◆ TASK TO CARRY OUT ◆
Output the lines from the top of the entries below to the line with "Voitures D'occasion À", both included, exactly and without pictures.

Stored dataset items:

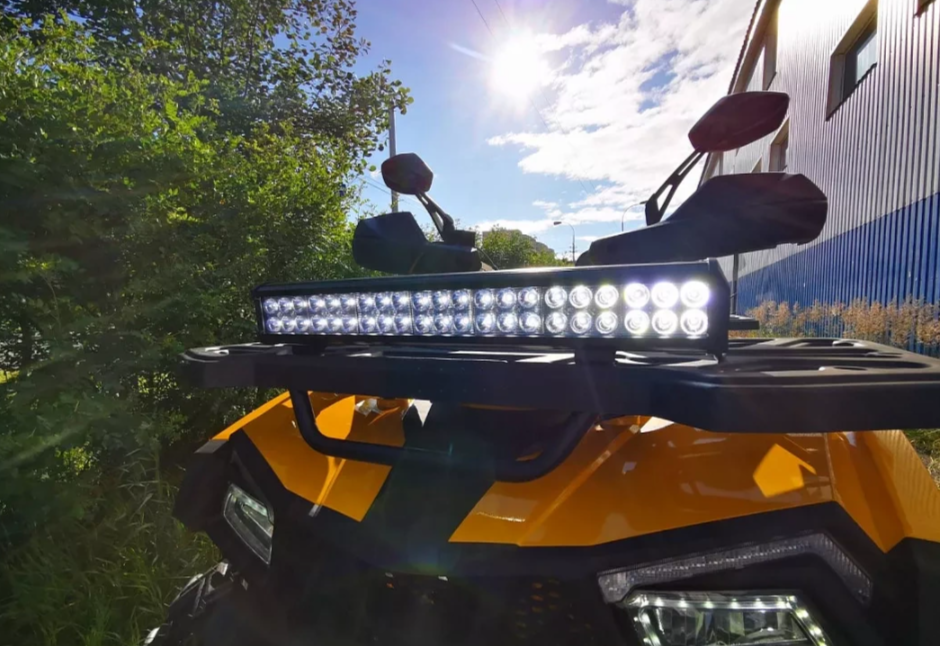 Квадроцикл MOTOLAND (МОТОЛЕНД) VOX200 WILD TRACK X PRO (баланс. вал) в Орске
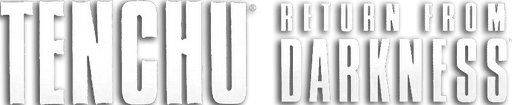 Tenchu: Return From Darkness logo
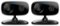 Motorola - Wireless Home Video Monitors (2-Pack) - Black-Front_Standard
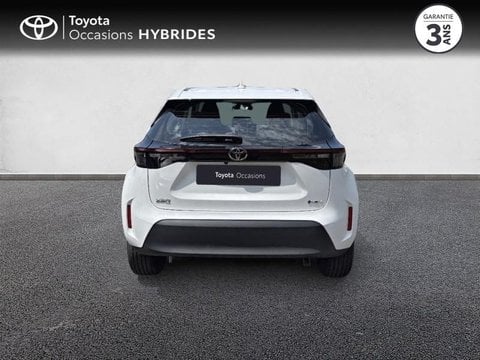 Voitures D'occasion À Pabu | Toyota Yaris Cross 116H Dynamic Mc24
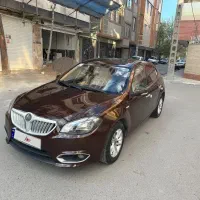 برلیانس h320اتومات تک برگ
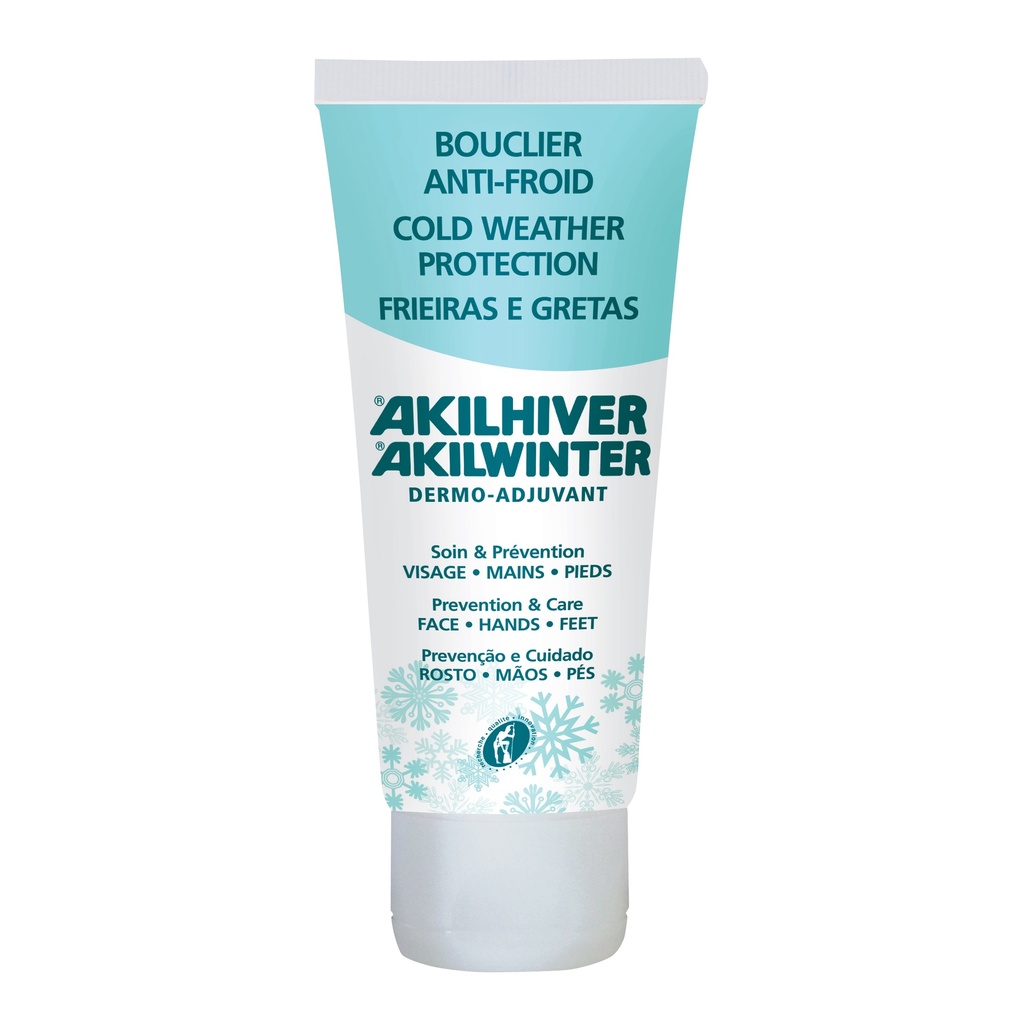 [AK-2350] AKILÉÏNE® Cold Weather Protection Akilwinter 100 ml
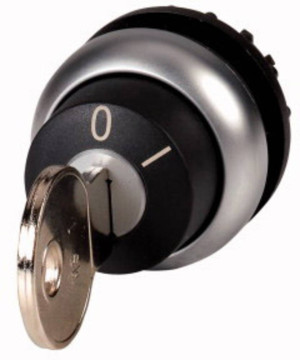 Eaton 216881 M22-WS Wahltaste Schwarz 1 x 4 1St.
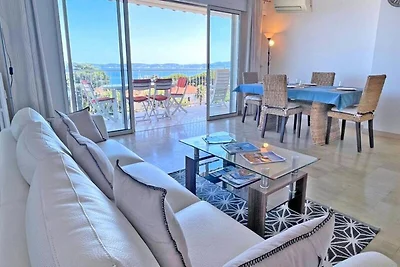 Appartement in Saint-Tropez met uitzicht op...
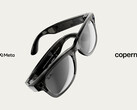 Gli occhiali Ray-Ban Meta Coperni Limited sono venduti in Australia, Europa, Nord America e Regno Unito. (Fonte: Meta)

◆ RESPONSE ◆
 Квадроцикл MOTOLAND (МОТОЛЕНД) VOX200 WILD TRACK X PRO (баланс. вал) в Орске
 Tenchu: Return From Darkness logo
 Motorola - Wireless Home Video Monitors (2-Pack) - Black-Front_Standard
 Voitures D'occasion À Pabu | Toyota Yaris Cross 116H Dynamic Mc24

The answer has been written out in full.